Paul Graham: Where to live now in order to succeed

Gurus of the venture capital world Paul Graham — founder of Y Combinator, Creator of Yahoo! Store and author of the book Hackers & Painters — shares his business philosophy.

Great cities attract ambitious people. You can feel it, walking around the city. In a hundred subtle ways the city tells you: you can do more; you should exert more effort.

Amazing how different can be these feelings. New York, above everything else, tells you need to earn more. Of course, there are other hints. You need to be fashionable. Need a better look. But the clear message emanating from new York – you need to be richer.

What I like about Boston (or rather Cambridge) is that there is another signal: you need to be smarter. You need to have time to read all those books that you long wanted.

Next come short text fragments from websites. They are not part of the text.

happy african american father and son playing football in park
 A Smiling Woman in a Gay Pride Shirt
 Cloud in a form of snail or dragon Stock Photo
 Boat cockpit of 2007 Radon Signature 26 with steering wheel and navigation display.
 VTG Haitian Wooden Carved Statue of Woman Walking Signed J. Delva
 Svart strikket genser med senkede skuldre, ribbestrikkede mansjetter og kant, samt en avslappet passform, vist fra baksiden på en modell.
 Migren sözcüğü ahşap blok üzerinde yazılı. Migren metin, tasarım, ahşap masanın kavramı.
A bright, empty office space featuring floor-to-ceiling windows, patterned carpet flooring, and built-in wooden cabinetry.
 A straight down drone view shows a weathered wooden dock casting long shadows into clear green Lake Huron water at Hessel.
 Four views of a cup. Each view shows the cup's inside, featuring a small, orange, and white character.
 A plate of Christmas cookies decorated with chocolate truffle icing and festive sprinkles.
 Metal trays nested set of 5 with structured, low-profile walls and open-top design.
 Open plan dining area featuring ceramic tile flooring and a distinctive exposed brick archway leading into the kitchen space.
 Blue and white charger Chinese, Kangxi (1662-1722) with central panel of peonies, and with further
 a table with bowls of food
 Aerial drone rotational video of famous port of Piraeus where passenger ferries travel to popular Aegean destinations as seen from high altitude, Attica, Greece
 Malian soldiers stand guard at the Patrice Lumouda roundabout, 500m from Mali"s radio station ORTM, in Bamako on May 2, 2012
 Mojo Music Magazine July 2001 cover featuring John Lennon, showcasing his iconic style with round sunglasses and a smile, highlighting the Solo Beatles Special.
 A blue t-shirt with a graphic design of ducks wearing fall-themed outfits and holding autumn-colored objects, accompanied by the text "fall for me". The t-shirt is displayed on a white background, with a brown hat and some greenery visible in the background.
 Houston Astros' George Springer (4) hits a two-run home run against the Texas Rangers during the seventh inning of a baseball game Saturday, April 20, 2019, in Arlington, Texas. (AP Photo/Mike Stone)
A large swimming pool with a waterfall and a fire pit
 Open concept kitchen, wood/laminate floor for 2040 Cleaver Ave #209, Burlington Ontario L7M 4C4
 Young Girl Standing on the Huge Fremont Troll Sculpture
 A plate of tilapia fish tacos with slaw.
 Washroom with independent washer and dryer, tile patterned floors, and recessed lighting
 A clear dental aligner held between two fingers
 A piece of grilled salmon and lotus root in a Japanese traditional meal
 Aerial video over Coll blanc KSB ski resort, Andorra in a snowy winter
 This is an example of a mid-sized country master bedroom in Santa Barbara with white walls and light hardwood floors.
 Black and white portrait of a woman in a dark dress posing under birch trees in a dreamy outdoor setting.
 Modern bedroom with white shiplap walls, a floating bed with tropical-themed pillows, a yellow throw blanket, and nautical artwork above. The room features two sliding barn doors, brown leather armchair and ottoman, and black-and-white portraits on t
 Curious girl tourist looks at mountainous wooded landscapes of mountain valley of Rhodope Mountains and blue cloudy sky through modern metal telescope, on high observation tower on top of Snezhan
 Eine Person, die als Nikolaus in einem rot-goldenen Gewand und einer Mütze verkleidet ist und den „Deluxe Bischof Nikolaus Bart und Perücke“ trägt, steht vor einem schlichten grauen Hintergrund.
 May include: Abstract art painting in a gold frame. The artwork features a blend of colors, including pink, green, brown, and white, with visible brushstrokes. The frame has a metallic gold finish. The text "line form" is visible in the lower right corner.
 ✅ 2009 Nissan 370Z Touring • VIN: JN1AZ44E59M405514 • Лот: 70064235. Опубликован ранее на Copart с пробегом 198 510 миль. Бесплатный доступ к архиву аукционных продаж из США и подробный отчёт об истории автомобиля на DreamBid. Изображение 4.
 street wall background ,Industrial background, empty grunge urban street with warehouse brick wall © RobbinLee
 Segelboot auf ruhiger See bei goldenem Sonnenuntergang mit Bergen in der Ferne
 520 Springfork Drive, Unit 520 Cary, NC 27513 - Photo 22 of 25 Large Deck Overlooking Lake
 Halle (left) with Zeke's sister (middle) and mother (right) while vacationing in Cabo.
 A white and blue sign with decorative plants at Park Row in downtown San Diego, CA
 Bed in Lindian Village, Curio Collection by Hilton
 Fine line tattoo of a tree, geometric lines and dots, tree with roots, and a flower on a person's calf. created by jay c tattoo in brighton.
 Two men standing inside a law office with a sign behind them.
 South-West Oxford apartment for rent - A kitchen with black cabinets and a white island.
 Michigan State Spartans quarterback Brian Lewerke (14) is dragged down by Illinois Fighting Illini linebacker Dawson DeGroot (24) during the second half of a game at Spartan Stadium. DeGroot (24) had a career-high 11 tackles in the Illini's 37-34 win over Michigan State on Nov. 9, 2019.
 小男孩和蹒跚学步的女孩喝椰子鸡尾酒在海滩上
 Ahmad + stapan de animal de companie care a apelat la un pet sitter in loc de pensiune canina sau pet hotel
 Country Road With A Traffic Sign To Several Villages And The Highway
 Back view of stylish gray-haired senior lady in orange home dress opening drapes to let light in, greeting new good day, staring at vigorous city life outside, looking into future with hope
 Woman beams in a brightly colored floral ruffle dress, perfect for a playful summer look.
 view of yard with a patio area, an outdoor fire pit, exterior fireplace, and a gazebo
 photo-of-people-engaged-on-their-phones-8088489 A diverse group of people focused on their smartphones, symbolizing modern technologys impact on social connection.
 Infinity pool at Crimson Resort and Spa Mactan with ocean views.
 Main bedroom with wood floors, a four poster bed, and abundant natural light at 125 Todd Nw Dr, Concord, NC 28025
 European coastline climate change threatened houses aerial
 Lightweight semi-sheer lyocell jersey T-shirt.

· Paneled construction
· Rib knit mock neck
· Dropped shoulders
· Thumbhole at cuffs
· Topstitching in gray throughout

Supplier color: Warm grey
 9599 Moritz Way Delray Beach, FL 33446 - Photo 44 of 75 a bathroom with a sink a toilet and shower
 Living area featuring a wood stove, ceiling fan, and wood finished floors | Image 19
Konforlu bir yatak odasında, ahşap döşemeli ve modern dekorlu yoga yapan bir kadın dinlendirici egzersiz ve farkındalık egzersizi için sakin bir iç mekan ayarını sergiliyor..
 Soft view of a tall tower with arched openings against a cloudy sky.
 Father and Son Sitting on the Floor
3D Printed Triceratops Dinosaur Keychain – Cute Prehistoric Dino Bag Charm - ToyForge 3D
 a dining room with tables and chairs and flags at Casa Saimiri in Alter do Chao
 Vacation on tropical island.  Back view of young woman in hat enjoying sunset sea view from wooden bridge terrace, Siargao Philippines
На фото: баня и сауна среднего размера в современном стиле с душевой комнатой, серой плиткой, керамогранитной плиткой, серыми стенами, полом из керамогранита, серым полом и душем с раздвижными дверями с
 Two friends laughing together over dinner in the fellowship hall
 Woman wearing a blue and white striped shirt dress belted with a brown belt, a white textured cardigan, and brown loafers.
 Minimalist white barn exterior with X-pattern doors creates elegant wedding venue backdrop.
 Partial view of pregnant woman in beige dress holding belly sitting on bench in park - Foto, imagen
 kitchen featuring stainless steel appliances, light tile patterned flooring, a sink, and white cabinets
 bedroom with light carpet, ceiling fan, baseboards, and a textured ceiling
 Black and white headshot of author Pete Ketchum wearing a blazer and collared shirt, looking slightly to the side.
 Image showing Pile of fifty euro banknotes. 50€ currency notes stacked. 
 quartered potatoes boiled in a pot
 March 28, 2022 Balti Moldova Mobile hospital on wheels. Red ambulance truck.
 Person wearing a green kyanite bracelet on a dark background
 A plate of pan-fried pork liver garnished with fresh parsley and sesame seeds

When asking what are the signals sends the city, sometimes get fascinating answers. Like in Silicon valley nor respect the mind, the Valley reports the following: need to be more powerful.

It's not the same feeling that occurs in new York. Power is important and in new York, of course, but new York is easy to make a billion dollars, even if you just inherited it.

In Silicon valley it is not going to impress anyone except a few sellers of real estate. In Silicon valley it is important, what effect do you have on the world. Why do people from the Valley are so concerned about the person of Larry and Sergey? Not because they are rich, but because they control Google, and Google affects the lives of almost everyone.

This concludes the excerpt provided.